I am on my first of many, many trains. For the time being, this means my stomach has stopped going all flipped. I have my passport. I have a lot of chocolate (host gifts). I have what I think is probably just enough money in the bank.
I suspect I have too much stuff, but I also have a bag that is bigger than it looks, Mary Poppins style. There was a plan to do a big post on packing and how I conquered it, but I don’t feel I actually conquered anything – just barely managed more like. Perhaps once I’ve been away a few weeks I’ll hit my stride with being master of my luggage. For now I just hope I put everything in sensible places.
I’ve loaded my Kindle up with stuff, which I’m quite excited about. And in my first hour on the train I got through the third quarter of a book I started reading IN THE SUMMER. I’ve not had that kind of idle time since then. I am perhaps disproportionately excited about this.
Here’s what’s in store so far:
- Musicophilia: Tales of Music and the Brain – Oliver Sacks
- Into Thin Air: A Personal Account of the Everest Disaster – Jon Krakauer
- The Once and Future King – T.H. White
- Sunset Song (A Scots Quair) – Lewis Grassic Gibbon
- Natural Born Heroes: The Lost Secrets of Strength and Endurance – Christopher McDougall
- Midnight in Siberia: A Train Journey into the Heart of Russia – David Greene
The book I’m finishing is Trumpet by Jackie Kay, and I also have War and Peace and The Hitchhiker’s Guide to the Galaxy, because of course I do.
Edinburgh has gone mild on the weather for the past few days, which has provided a good few late-night walks home, Arthur’s Seat and the Crags silhouetted against the clear, nearly-full-moon-lit sky. I’ve eaten and drank in the best pubs in the city. I’ve danced with all my friends. I’ve had lots of cake. Mim has already won future flatmate of the century by rescuing me with a functioning washing machine two days before I left. Kristina bought me the most stylin’ wooden Scandinavian travel mug in the city. I had a good cuddle with a puppy before leaving the keys on the table.

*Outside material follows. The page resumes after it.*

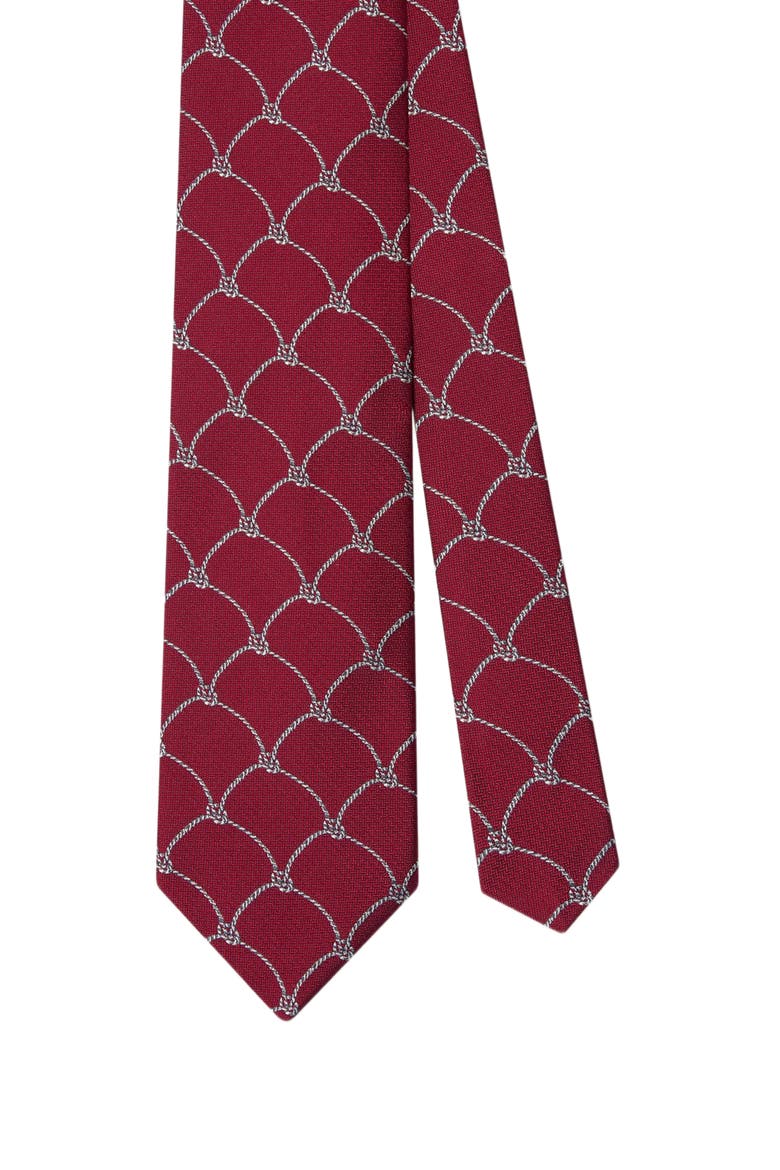 Robert Net Rope Best of Class Necktie, Main, color, Red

There is nothing here to stay away from. It’s much easier to leave when you have all of that to come home to.
But just to give me a little shove on my way, once I got to Waverley, the heavens opened up and dumped all the water they could find. I narrowly escaped a soaking, but being in the station was like going through a car wash in a car with a very high, zigzagged sunroof.
I suspect that’s Edinburgh being all ‘I’ll bust out the good stuff when you come home, now eat your overpriced M&S salad and git outta here.’

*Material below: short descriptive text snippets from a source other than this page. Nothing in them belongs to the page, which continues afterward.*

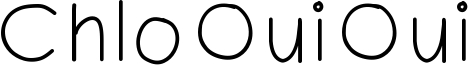 ChloOuiOui Font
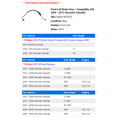 thumbnail image 2 of Front Left Brake Hose - Compatible with 2004 - 2012 Chevy Colorado 2005 2006 2007 2008 2009 2010 2011, 2 of 2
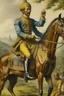 Placeholder: buatkan gambar pahlawan pangeran diponegoro naik kuda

So I’m on my way. I ate my overpriced salad and then enjoyed an equally overpriced cup of train tea while watching England roll by in the low winter sun. Then I FINISHED that book.
I did try to post this from the train, but I’d like to point out that Virgin Trains were offering fully free WiFi in standard class today. For the ridiculous reason that it’s Black Friday, which has been adopted by the UK for, I don’t know, Capitalism. I have so many issues with this, including the fact that the WiFi basically was not working because I assume it wasn’t prepared to handle everyone using it for free. Whatever. At the very least, we could officially get in on Thanksgiving if they’re going to foist made-up American shopping holidays on us.
In any case, I can survive without interweb connections and resolved to upload later. I arrived at Kings Cross at 5 and it was already dark and a bit misty from the humidity of the rain outside. I walked nearly the full length of the platform since my carriage was at the back, which I kind of love because it gives me more time to think about Harry Potter, which I always do when I come in to Kings Cross.
In the books, the station is a sort of arena for transition and major decisions, which isn’t anything profound, but I do always think about it when I arrive or depart there. It certainly seemed even more appropriate today than it normally does.